## What the exercise asks
Nothing should appear in the answer except the lines below from the line containing "Important Lustre Cage" through the line containing "Funny Pug Bowl", copied exactly, with pictures left out.

## Entries provided

━━━━━━━━━━━━━━━━━━━━━━━━━━━━━━

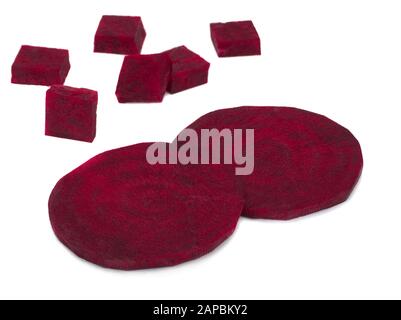 Pieces of beetroot on white background Stock Photo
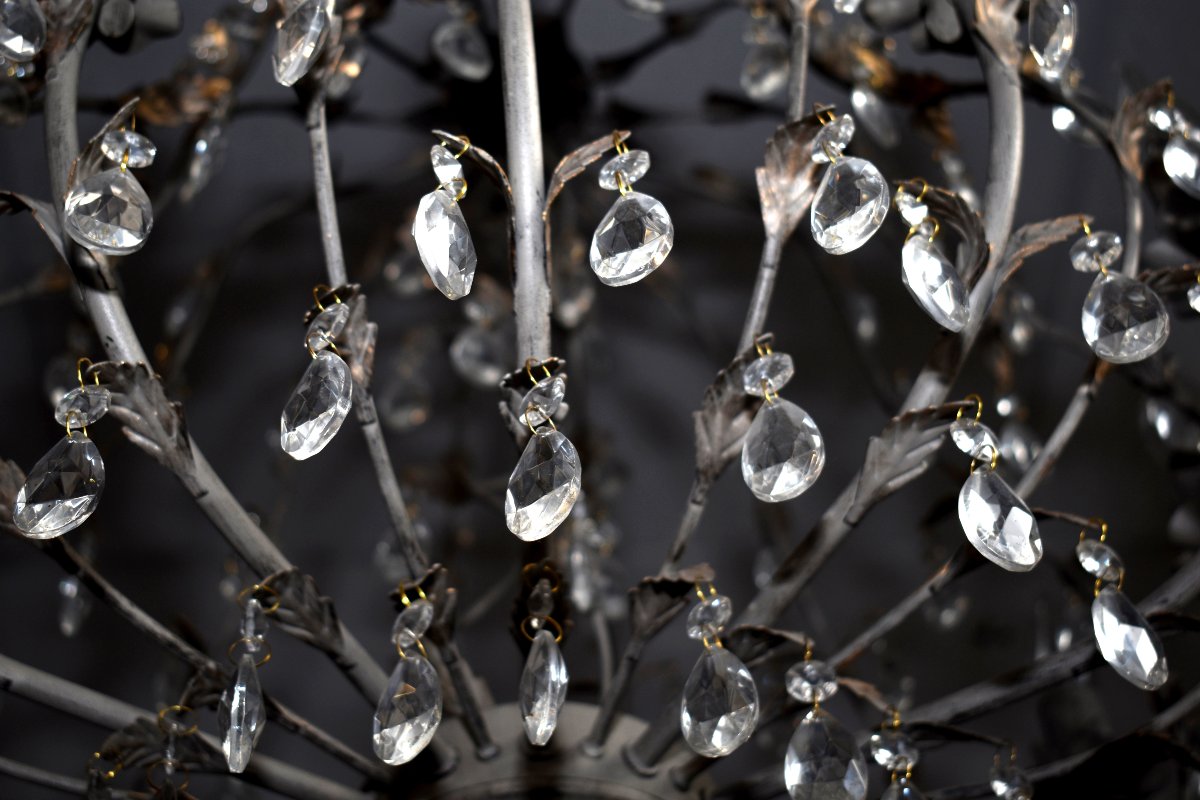 Important Lustre Cage  à Pampilles Dans Le Gout De La Maison Bagués, 12 Bras De Lumières, -photo-4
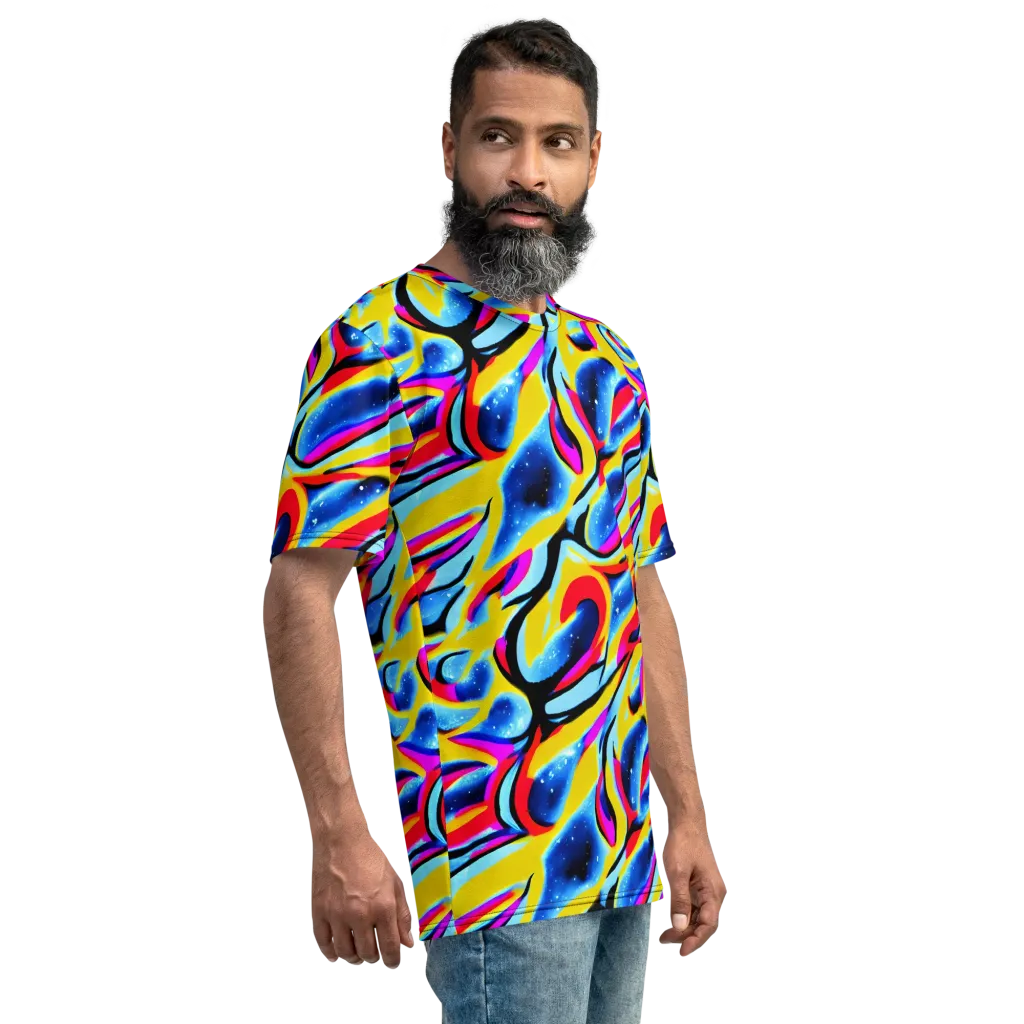 Electric Dreamscape on Men's Crew Neck T-Shirt — Right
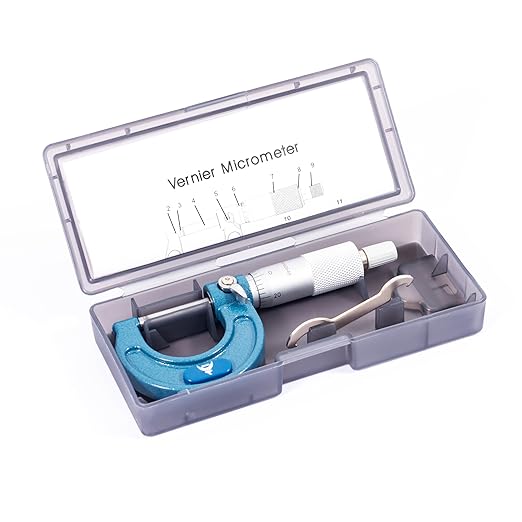 PEC Tools 0-1” Outside Micrometer, Industrial-Grade Precision Measuring Tool, Hardened Steel, High-Accuracy Micrometer with Ratchet Stop & Carbide-Tipped Measuring Faces for Machining & Engineering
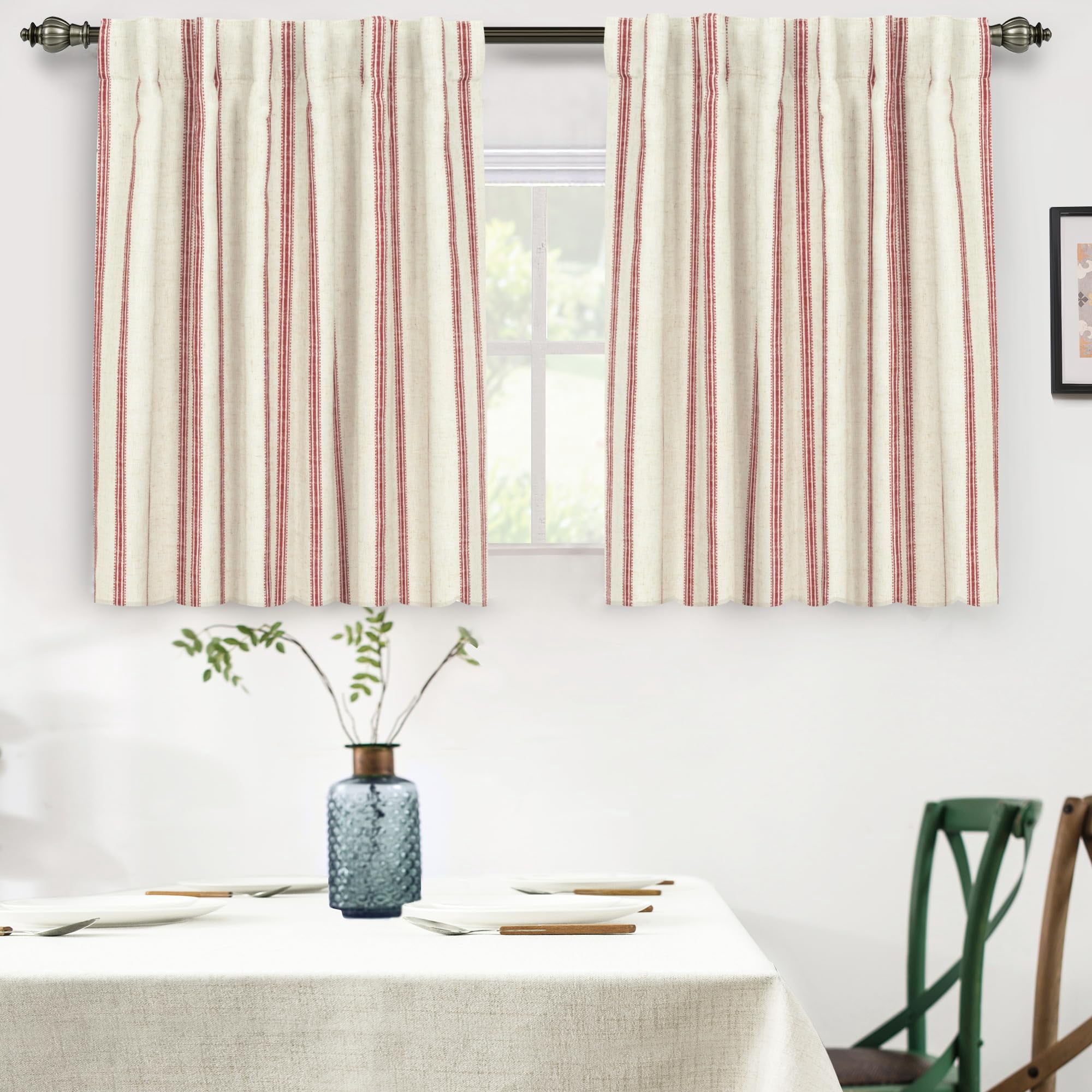 Cortinas Driftaway, 92 X 91 Cm, Mezcla De Lino, Opacas, Rayas Rojas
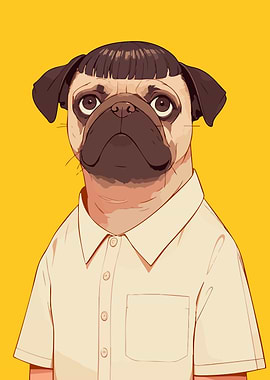 Funny Pug Bowl Cut Hairstyle Minimalist Art Illustration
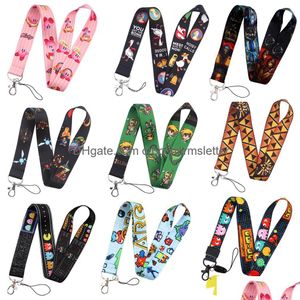 Sangles de téléphone portable Charms Pièces de chaussures Accessoires Lb2115 Cartoon Game Print Keychain Longe Pour Key Camera Whistle Id Badge Holder Otvoe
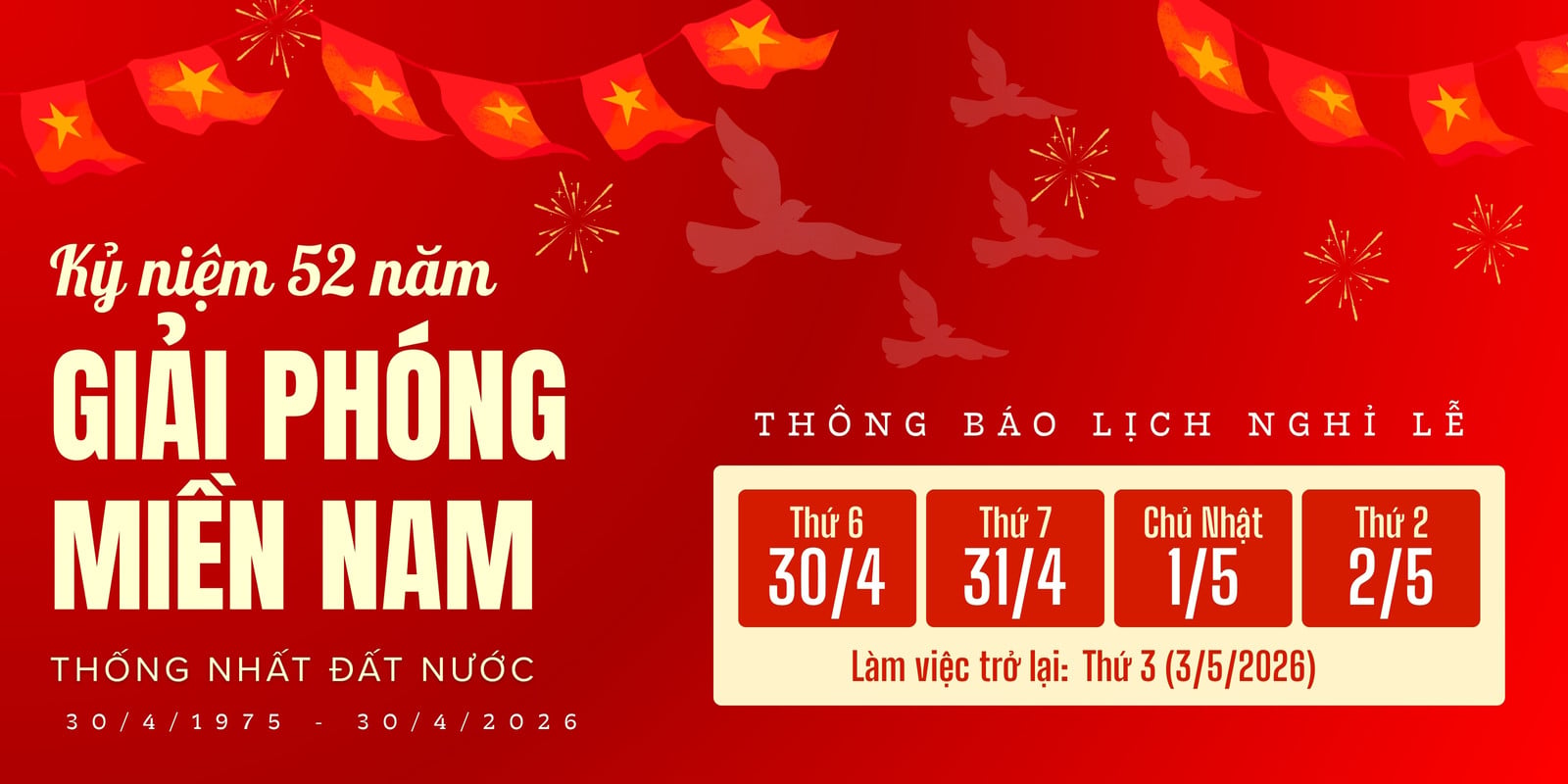 Mẫu banner thông báo nghỉ lễ 30/4 đỏ trắng Mẫu banner thông báo nghỉ lễ 30/4 đỏ trắng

━━━━━━━━━━━━━━━━━━━━━━━━━━━━━━

## Solution to this exercise
 Important Lustre Cage  à Pampilles Dans Le Gout De La Maison Bagués, 12 Bras De Lumières, -photo-4
 Electric Dreamscape on Men's Crew Neck T-Shirt — Right
 PEC Tools 0-1” Outside Micrometer, Industrial-Grade Precision Measuring Tool, Hardened Steel, High-Accuracy Micrometer with Ratchet Stop & Carbide-Tipped Measuring Faces for Machining & Engineering
 Cortinas Driftaway, 92 X 91 Cm, Mezcla De Lino, Opacas, Rayas Rojas
 Funny Pug Bowl Cut Hairstyle Minimalist Art Illustration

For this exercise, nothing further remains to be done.